I enjoy problems. Part of the learning process is working through them. Figuring out what the true problem is, and fixing it, or if it’s out of your league, finding the help you need to fix it. I spend many many hours trying to fix the problem, but without results, I have a feeling where the problem is, and it is my thought that the problem lies in a misunderstanding of a somewhat poorly worded explanation in the book. I am reluctant to, but I go to an outside source for help, and with their help, I get a much easier, and simpler explanation of the problem, and the concept I was working on. Applying what I was told, I now can get the whole example to work. Not only that, but the statement is smaller, and runs faster now as well, prompting me to examine the differences between the original query, and the one I received help with.
By now I had touched on most of the basic fundamental aspects of SQL. Creation of items, retrieval of data, filtering of data, updating data, even removing data. There are things I still don’t understand fully (Joins…you are a complex beast) but I also know that poking around with sample data in a learning environment only will get you so far. There are still more things I need to cover, and concepts that are a part of SQL, and they are looming on the horizon.
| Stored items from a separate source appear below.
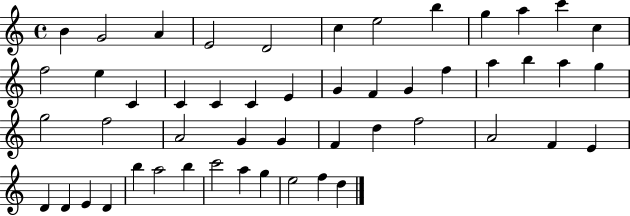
{
  \clef treble
  \time 4/4
  \defaultTimeSignature
  \key c \major
  b'4 g'2 a'4 | e'2 d'2 | c''4 e''2 b''4 | g''4 a''4 c'''4 c''4 | \break f''2 e''4 c'4 | c'4 c'4 c'4 e'4 | g'4 f'4 g'4 f''4 | a''4 b''4 a''4 g''4 | \break g''2 f''2 | a'2 g'4 g'4 | f'4 d''4 f''2 | a'2 f'4 e'4 | \break d'4 d'4 e'4 d'4 | b''4 a''2 b''4 | c'''2 a''4 g''4 | e''2 f''4 d''4 | \break \bar "|."
}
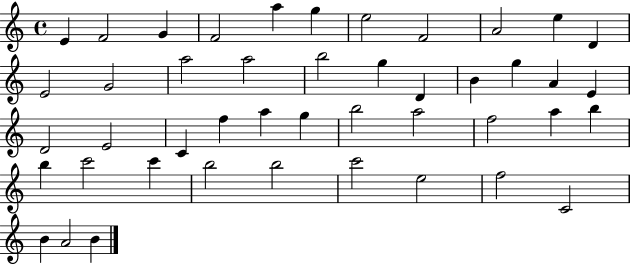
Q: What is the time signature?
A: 4/4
So you want to learn SQL. Not a problem. You want to learn ORACLE SQL, not a problem. You have no knowledge of SQL, not a real problem. All you need is some patience, access to a computer and the internet, and a little bit a familiarity with how to use a computer. I was asked to begin reviewing SQL for work, and to focus on the fine points of the beast that is ORACLE SQL. I have done some SQL before, many moons ago, shortly after dinosaurs roamed the earth and a 720K 3 and a half inch floppy was a neat thing to have. After going over my old mundane SQL work that was written into an old Visual basic program against an Access database, I found myself floundering in the immensity of my new challenge. SQL has come a long way since the beginning, and is more powerful and robust than ever. So I go to ORACLE themselves and humbly acquire the ORACLE 11g SQL Reference guide, all 1500 pages of it in electronic format. I also get the PL/SQL (anticipating the need in the future to learn this as well) guide. Now don’t get me wrong, I consider myself fairly intelligent and logical in my process of learning. But a few pages into the guide and it is obvious the ORACLE guide is meant for the more advanced users of SQL. So, I retrace my steps, and believe it or not, find SQL for Dummies, and another third party book (which actually the most helpful) that make much more sense for the new user.
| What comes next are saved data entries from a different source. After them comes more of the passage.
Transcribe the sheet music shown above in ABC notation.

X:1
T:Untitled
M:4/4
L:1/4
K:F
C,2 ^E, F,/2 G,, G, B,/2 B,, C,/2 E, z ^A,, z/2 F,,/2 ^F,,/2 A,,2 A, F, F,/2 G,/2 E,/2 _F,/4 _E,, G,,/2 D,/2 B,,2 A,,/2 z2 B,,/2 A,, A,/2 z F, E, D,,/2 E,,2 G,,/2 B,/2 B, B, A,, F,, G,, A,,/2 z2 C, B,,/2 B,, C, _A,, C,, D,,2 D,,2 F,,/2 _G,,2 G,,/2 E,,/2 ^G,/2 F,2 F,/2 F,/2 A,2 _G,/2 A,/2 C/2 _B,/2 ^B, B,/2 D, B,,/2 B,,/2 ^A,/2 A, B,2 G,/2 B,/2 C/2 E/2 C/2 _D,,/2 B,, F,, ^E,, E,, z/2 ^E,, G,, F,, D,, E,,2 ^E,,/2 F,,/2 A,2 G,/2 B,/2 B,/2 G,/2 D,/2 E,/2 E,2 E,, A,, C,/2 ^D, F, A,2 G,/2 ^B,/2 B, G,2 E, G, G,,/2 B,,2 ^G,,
As most know, SQL is accepted as a de-facto standard for working with databases, with several major sub-flavors. Among these are IBM-DB2, SQL Server, MySQL, Access, and Oracle. Thankfully between ORACLE and the books, the major flavors are covered quite well, as are the differences and quirks about some of them. But onto the work at hand. As a beginner in this world of Queries, I knew a little about the basic SELECT, INSERT, and UPDATE structures. But I wasn’t fully aware of how they worked and the other aspects of SQL that were out there. Given the non-procedural nature of SQL, it’s difficult to learn in the traditional sense. Many of the more complicated things you can do are combinations of simpler concepts. Also, since it’s designed to work with data, you either have to have examples that generate the data tables for you to use (and explain the ‘don’t worry, we’ll cover how this works later’ system) or you need a preset environment with data already there.
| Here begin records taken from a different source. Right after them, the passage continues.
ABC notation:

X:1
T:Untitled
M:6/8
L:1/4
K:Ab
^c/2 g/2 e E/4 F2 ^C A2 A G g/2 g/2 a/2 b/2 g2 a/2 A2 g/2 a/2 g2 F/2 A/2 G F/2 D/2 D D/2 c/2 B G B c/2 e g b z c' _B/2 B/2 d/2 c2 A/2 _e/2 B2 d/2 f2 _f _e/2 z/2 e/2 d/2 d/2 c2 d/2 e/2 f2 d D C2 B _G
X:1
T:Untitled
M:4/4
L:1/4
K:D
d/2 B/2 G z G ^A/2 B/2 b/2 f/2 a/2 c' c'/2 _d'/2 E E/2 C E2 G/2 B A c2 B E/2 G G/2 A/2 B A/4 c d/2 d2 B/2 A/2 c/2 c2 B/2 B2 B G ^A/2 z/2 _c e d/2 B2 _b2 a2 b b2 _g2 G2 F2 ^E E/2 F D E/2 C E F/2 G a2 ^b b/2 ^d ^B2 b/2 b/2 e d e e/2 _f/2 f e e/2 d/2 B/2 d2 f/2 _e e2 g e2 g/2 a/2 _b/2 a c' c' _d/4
Thankfully for me, and my own learning style I had such a platform, my APEX project was still installed, and had the sample data in it from when I was learning how that worked. APEX is a wonderful tool for this I found out, as it has a built in SQL command box that you can use to test your examples, write your own SQL statements, as well as look at the table structure and layout, AND the SQL that would generate those very tables, letting you test yourself in the age old practice of reading code and figuring out what it does.
So we start at basic table creation. Learning how to make a table, add a column, modify a column, and drop a column or a table. What we create we can also destroy. A good thing to know. A bit of conceptual theory behind what makes a good database design, tips for better data structures, and a lot of ideas that get formulated and churn in my mind as I read the books. Occasionally I look up from my books and try the concept being read about against the test data in my APEX install. For the faint of heart, I would say to do exactly what the books say, shows you very simply how it is done. My own method says take the concept and apply it, and hope it DOESN’T work. That way, I have to work at it, and figure out why it didn’t and where I goofed, leaving me with a better understanding of what I’m doing. Works for me quite well, and at the same time, since it’s on non-critical data, not much is lost if I really enter the wrong command. Were I working on live (or a copy of live) data for a client, the safe road becomes the method of choice.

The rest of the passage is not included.